Created 05-26-2022 09:39 AM
Hello folks!
I have a cluster with 9 machines, running on CDH 6.2 (OnPremise). I have 3 master, 1 edge and 5 workers.
I am not able to up 2 of 5 NodeManager on workers. 3 of them are ok, and 2 of them give me a follow log (attach), without error but a Warning with "NullPointerException":.
When I put the NodeManager to run, on Cloudera Manager it doens't fail, but I got two alerts, as follow:
- NodeManager can not connect to ResourceManager
- ResourceManager could not connect to Web Server of NodeManager
Also, I can't access the /jmx of the server. And, when I run NodeManager by Cloudera Manager, my CPU going to use of 100%.

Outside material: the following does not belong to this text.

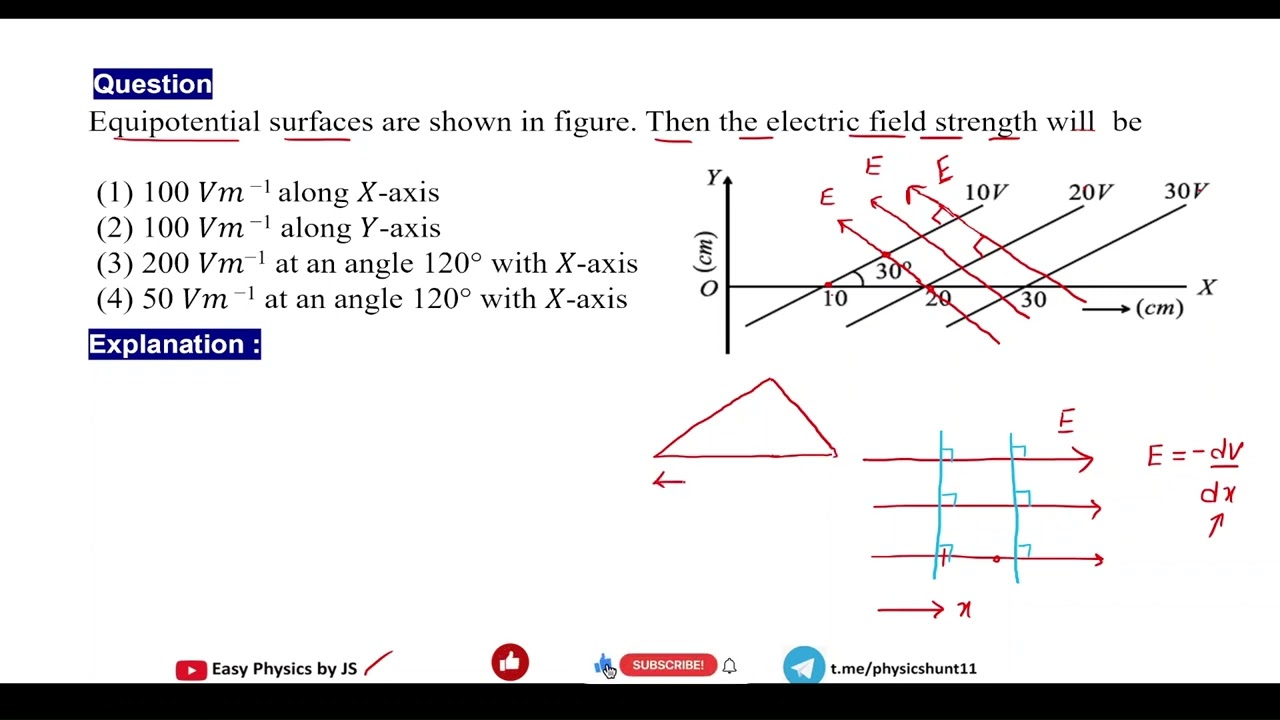Equipotential Surfaces | Electric Field Direction & Magnitude JEE I NEET | Competitive Exams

On that 2 workers, I have RegionServer and DataNode working fine, the problem is only with NodeManager.
Please, any suggest?
Created 06-02-2022 08:47 AM
Hi guys!
Finally we solved the problem. To fix it, we moved all content from "yarn.nodemanager.recovery.dir" config path to another one (i.e mv yarn-rm-recovery yarn-rm-recovery-backup) and we created yarn-rm-recovery again, grant permisison to yarn:hadoop to folder.
After that, we can start NodeManager with no error.
Thanks all!
Created 06-02-2022 08:47 AM
Hi guys!
Finally we solved the problem. To fix it, we moved all content from "yarn.nodemanager.recovery.dir" config path to another one (i.e mv yarn-rm-recovery yarn-rm-recovery-backup) and we created yarn-rm-recovery again, grant permisison to yarn:hadoop to folder.
After that, we can start NodeManager with no error.
Thanks all!
Created 06-03-2022 12:48 AM
That is great, thank you for sharing the solution!
Best regards
Miklos